Stampede at the gold rush
But if this combination of audience hunting and uncertain revenue has turned off most publishers, it has resonated with enough independent creators, whom Amazon began aggressively courting to join its influencer program.
“Pretty much all of YouTube got recruited,” said one creator that distributes videos through both YouTube and Amazon.
That recruitment has been part of a separate set of growing pains. For much of the past year, Amazon has been trying to revive a program that places publisher- and creator-produced videos about products on the corresponding pages about them inside product pages.
Its compensation structure functioned the same as Amazon Live’s, and for many of the creators Amazon had recruited, the upside and results were much more favorable than what one might expect from an ad revenue-sharing program. “Per thousand views, we were getting a lot more,” that first creator said.
But after a critical mass of creators discovered how Amazon’s video program worked, it was swamped with low-quality content that barely served the program’s purpose: Automatically generated videos with static images, joke videos, even videos featuring the wrong products.
“People saw it as a cash grab,” a second creator said. “These weren’t even creators.

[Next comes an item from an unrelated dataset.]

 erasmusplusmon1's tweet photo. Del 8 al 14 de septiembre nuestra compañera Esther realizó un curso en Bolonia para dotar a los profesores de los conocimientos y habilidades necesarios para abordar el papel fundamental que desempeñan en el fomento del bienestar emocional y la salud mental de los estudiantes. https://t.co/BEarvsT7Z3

These were just people who were gaming the system. You had people stealing one another’s videos, uploading duplicates.”
Some publishers got caught in the middle. An executive at one publisher participating in that program, which said it generates less than $1,000 per month from it, said that the results were so abysmal that it colored their interest in Amazon Live. “If we’d had a much more positive experience, we’d be game for it,” the source said.